Isabel passed away four years ago, but her imprint on the garden, and on her husband to become more involved in the parish remains, in the form of the heron statues. They belonged to her.
"I searched and searched for the right statue for the middle of the fountain," Smogolski says, "and then it dawned on me. These were at my home."
The herons grace the centerpiece of the reflective space, which increasingly is drawing parishioners and community members alike to appreciate its beauty.
"We've had three building campaigns since the church was built in 1988," says Heidi Rooney, parish communications director, "but we've made sure this was protected space."
Smogolski became involved three years ago, after his wife's passing. His first foray into volunteering reflected his banking background, when he stepped up to help count weekly donations. But he looked to do more.
"I answered an ad in the bulletin that looked for volunteers to work in the garden," says Smogolski, 83. "Two weeks after I started, the only other volunteer left to take a full-time job."
Smogolski laughs now about suddenly finding himself in charge, but he proved to be more than capable.
"I guess I had a vision to rejuvenate the garden," he says. "It was too beautiful to let go."
The garden he inherited had developed somewhat by piecemeal, with overgrown bushes and various flower beds planted at different times by parishioners.
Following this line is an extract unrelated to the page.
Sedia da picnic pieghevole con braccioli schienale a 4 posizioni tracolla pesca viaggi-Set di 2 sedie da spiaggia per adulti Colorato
However, under Smogolski's leadership, with the help of volunteers Ron Benn and Vera White, both of Barrington, the space has transformed into a peaceful retreat area, with separate garden beds and meditative areas, its fountain, benches and even soothing music.
A major donation from a parishioner kick-started the project, and soon the garden had new lighting, spotlights on the trees, memorial bricks and an expansive serving station for the many buffets that church officials now host outdoors.
Its uses have varied, from people gathering there after Sunday Masses, to photo sessions for weddings, graduation and family portraits. Parish officials also hold occasional concerts there in the summer, with the next one taking place at 6 p.m. on Aug. 2 and featuring the parish's music ministers.
The Rev. Terry Keehan, Holy Family's pastor, says the courtyard plays an important role for the parish beyond its natural beauty.
He describes it as a reflection of the progressive nature of their parish, which is in line with the spiritual and liturgical updates of the Second Vatican Council.
That became evident in 2005, when they remodeled the sanctuary and moved the baptismal font to the center of the congregation seating area.
"Similar to how we surround the baptismal font for worship, we surround the courtyard for all other activities in the parish," Keehan says. "Henry and his dedicated group of volunteers work in close collaboration with our staff to make our courtyard is one of the most prayerful and beautiful spaces in our community."